TASK GOAL: Using the data below, set down every line from the one containing "HUDSON antique brass" through the one containing "Malco Modes Luxury", inclusive and unchanged. Pictures are to be skipped.

RECORDS:
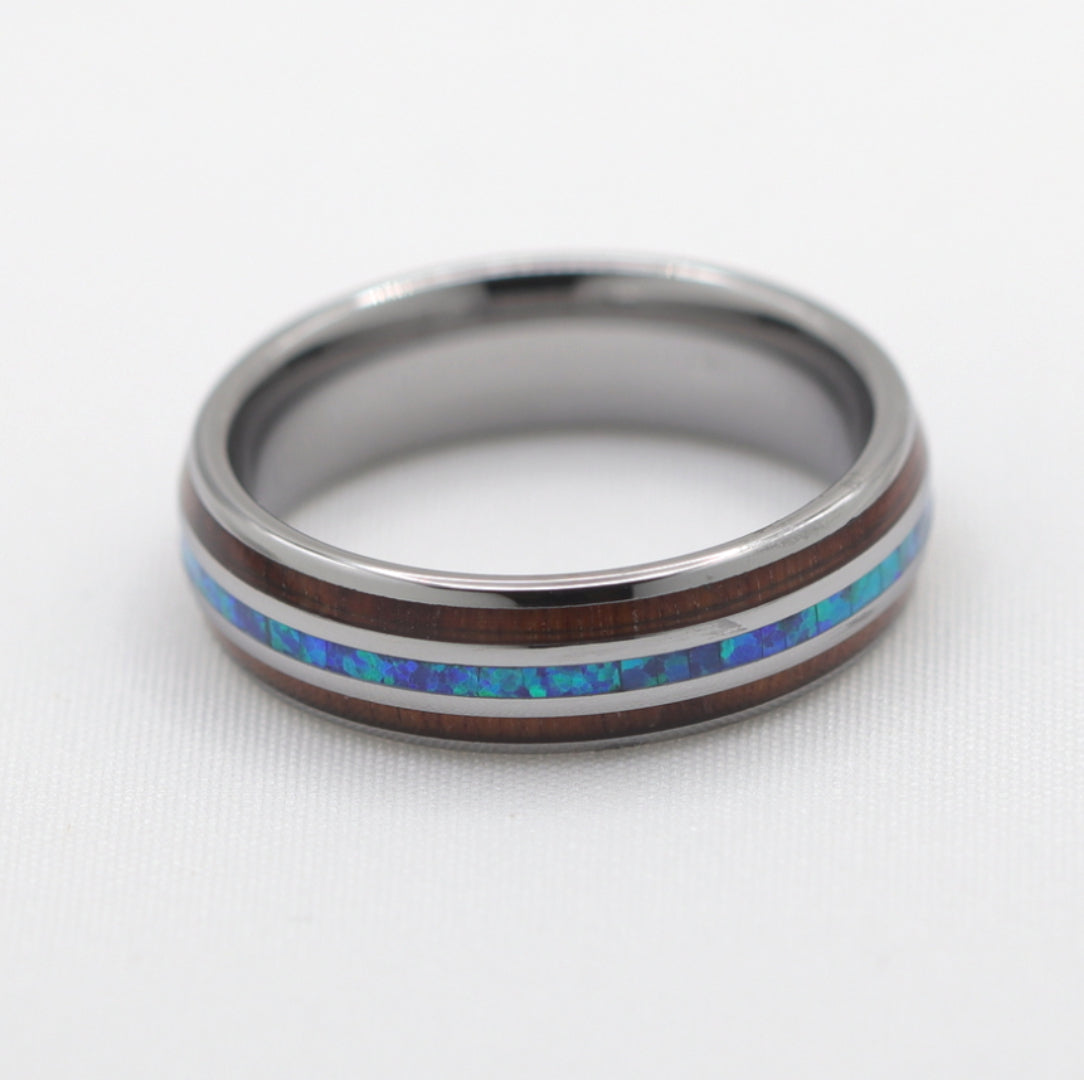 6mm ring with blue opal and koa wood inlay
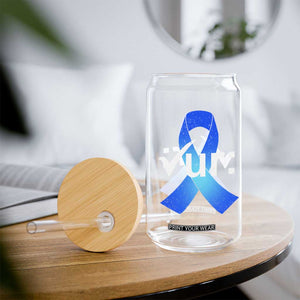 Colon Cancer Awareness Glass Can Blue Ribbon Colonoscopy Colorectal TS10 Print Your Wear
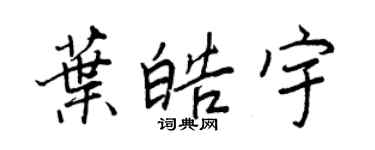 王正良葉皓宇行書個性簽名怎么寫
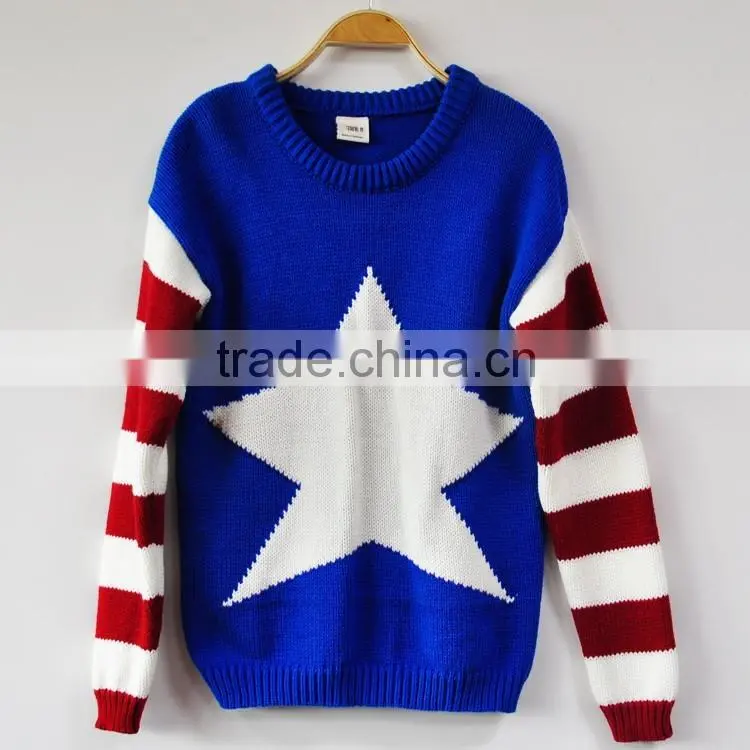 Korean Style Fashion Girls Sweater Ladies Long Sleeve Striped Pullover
...
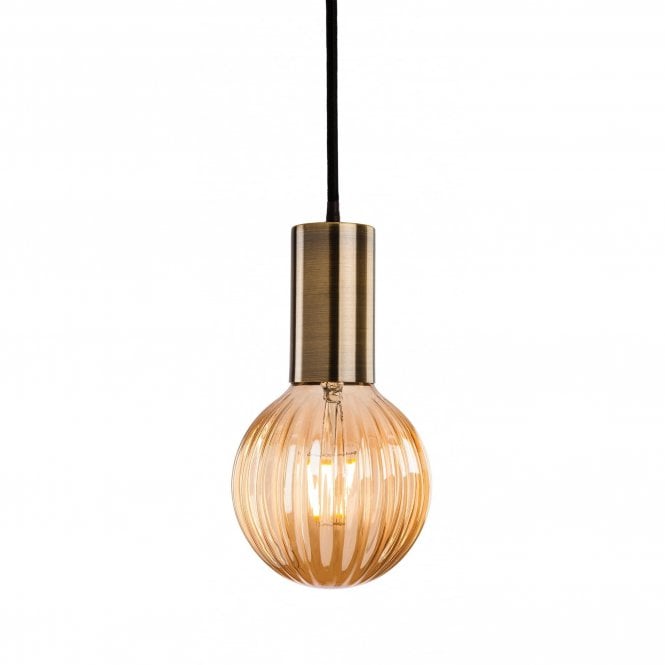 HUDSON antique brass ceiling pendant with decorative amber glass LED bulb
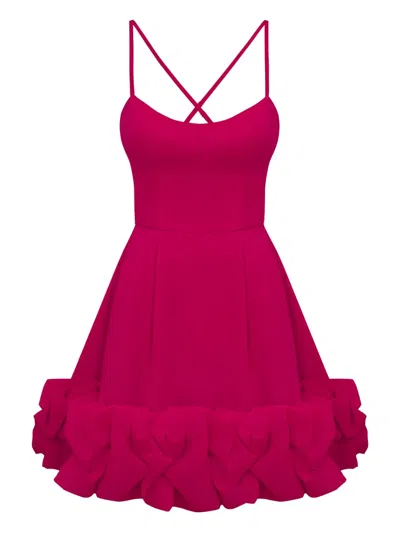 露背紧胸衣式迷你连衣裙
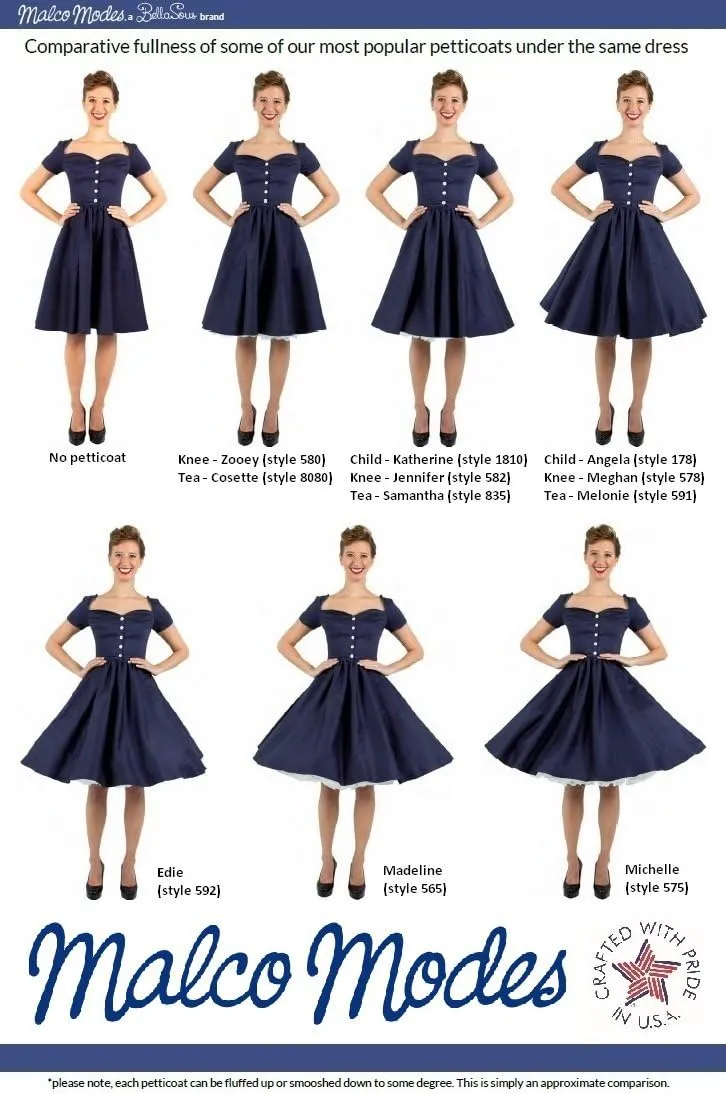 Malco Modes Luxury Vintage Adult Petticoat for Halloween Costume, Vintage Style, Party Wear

OUTPUT FOR THIS EXERCISE:
 HUDSON antique brass ceiling pendant with decorative amber glass LED bulb
 露背紧胸衣式迷你连衣裙
 Malco Modes Luxury Vintage Adult Petticoat for Halloween Costume, Vintage Style, Party Wear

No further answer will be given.